Beim Fressen hält es der Dachs wie der Bär, für einen solchen er vor weniger als 200 Jahren noch gehalten wurde. Opportunistisch stehen je nach Verfügbarkeit und geographischem Breitengrad hauptsächlich Regenwürmer, Insekten oder Pflanzenmaterial auf dem Speisezettel. Im Südwesten Spaniens soll es sogar Dachse geben, die sich auf das Erbeuten von jungen Wildkaninchen spezialisiert haben, wo diese sehr zahlreich vorkommen. Statt zu flüchten, ducken sich letztere beziehungsweise werden sie einfach vom Dachs aus ihren Höhlen ausgebuddelt!

Statt mit dem Bär ist der Dachs aber mit Iltis und Co. verwandt. Er ist der grösste einheimische Vertreter innerhalb der Familie der Marderartigen und der in Europa am weitesten verbreitete dazu. Nur in Nordskandinavien, wo seine ökologische Nische wahrscheinlich durch den Vielfrass besetzt ist und auf einigen Mittelmeerinseln fehlt er.

Aber zurück in die Schweiz. Vorgestern Abend hatten wir Lust Grimbart mal wieder aufzulauern und setzten uns gegen viertel nach 9Uhr abends mit optischem Geschütz ausgestattet in Bewegung. Schweigend gingen wir neben einander. Unter unseren Gummisohlen knirschte der Schotter auf dem Waldboden unvorstellbar laut, ein Rauchfähnlein von einer Feuerstelle zog wie eine penetrante Duftspur weit in den Wald hinein und irgendwo bellte immer wieder ein Hund auf.

Scheinbar ganz schlechte Voraussetzungen für Wildtierbeobachtungen. Aber wer wird denn die Flitte so rasch ins Korn werfen!

An “unserem” Dachsbau haben wir uns dann schweigend, regungslos verharrend auf das Warten eingestellt, was so viel heisst eine knirschfreie Position einzunehmen 🙂 . Es wurde immer dunkler und spürbar kühler nach diesem langen Sommertag. Bald lösten aggressiv sirrende, stechwütige Mücken die letzten Vogelstimmen ab und stellten uns zusätzlich auf die Probe. Von Grimbart dagegen kein Laut zu hören.

Nun gut, schon fast kapitulierend einigten wir uns flüsternd darauf noch ein paar letzte Minuten auszuharren. Und hört! da knackte es endlich, schnüffelte jemand geräuschvoll und streckte sogleich seinen birnenförmigen, charakteristisch gestreiften Kopf aus dem Dickicht. Trotz schlechtem Sehsinn vergingen nur Bruchteile von Sekunden, ehe Grimbart uns erblickte und –  rasch bereits davonwackelte.

Wir strahlten uns an, geräuschlos, aber wer braucht schon Worte, wenn er eine reiche Mimik hat 🙂 !

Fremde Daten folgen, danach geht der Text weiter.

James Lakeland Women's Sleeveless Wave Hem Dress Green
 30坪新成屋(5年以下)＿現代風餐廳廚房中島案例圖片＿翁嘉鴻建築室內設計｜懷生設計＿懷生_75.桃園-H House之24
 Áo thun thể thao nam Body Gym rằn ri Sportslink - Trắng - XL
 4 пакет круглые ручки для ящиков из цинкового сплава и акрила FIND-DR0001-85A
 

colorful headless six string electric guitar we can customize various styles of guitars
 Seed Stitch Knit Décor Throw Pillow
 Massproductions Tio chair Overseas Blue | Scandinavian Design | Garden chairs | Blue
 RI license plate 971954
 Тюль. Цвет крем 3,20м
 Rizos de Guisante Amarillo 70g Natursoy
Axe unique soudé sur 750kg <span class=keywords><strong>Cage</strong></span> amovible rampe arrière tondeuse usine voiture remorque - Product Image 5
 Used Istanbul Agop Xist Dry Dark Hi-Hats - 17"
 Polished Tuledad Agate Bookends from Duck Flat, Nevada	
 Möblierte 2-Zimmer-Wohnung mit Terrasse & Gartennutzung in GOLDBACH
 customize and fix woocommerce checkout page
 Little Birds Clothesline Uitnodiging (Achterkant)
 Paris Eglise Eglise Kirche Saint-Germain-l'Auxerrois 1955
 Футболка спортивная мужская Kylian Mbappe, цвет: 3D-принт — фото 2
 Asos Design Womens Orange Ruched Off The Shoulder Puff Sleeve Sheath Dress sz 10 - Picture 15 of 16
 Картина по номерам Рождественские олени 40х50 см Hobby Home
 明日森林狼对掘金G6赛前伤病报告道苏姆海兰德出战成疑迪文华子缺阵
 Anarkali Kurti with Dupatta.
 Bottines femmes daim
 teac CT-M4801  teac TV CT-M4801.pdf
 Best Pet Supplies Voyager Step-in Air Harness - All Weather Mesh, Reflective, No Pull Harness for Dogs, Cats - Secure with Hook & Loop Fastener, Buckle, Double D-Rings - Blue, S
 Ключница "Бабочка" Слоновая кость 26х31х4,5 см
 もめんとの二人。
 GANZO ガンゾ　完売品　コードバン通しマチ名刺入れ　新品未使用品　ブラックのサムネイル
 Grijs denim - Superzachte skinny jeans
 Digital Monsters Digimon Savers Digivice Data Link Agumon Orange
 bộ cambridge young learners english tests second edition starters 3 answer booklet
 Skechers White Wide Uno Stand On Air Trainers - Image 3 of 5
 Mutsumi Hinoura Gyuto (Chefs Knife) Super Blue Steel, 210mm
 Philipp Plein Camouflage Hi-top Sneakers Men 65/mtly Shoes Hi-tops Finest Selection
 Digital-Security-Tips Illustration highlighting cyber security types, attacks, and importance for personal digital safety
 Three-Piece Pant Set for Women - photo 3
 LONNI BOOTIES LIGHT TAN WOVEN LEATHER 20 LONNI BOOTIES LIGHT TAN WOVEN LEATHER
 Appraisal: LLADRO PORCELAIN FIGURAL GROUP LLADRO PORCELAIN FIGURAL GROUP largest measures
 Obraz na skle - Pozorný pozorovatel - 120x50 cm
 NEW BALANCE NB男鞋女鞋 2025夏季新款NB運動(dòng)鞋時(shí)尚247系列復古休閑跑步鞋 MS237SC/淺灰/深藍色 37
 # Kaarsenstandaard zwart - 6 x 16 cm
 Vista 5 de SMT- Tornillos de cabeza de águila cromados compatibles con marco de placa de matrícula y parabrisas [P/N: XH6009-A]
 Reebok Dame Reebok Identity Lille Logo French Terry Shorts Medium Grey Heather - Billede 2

Unterdessen hatten sich wohl auch die Dachs-Jungen aus dem Bau getraut, denn das Rascheln hielt an. Trippeltrippel, fast geräuschslos trotz ihrer Grösse, bewegte sich wohl ein weiteres Exemplar noch nicht sichtbar, aber eindeutig in nächster Nähe durchs Dickicht. Tatsächlich sind Dachse Zehenspitzengänger wie Hunde und Katzen – bloss ihrer langen Krallen wegen bemerkt man das kaum..

Und da, was für ein herziges Kerlchen mit seiner feuchten Nasenspitze und dem hell leuchtenden Kopf! Und hinterher gleich nochchmals einer, Nachwuchs Nummer 2 direkt vor uns! Zu zweit, mit schaukelndem Hinterteil und bodennaher Schnauze – man weiss ja nie, wenn man auf was Leckeres stösst – verschwanden auch sie im Unterholz.

Zuletzt, nur wenige Minuten später, erschien dann nochmals ein ausgewachsenen Exemplar. Genauso vorsichtig wie Nummer 1 hatte sie uns wohl längst gewittert, blickte uns – kaum aus der Deckung hervorgetreten unverblümt an – und war auch schon weg.

Die Dachsfamilie stundenlang die Gegend auskundschaften, sich an Kirschen, Insektenlarven und Schnecken laben, und dabei in einer Sommernacht bis zu 10 Kilometer zurücklegen. Tief unter der Erde, in einer oder mehreren geräumigen Wohnkammer, werden sie in ein paar Stunden ihre Pfoten aufeinanderlegen und das schwere Haupt daraufbetten. Gute Nacht Euch heimlichen Streifenträger!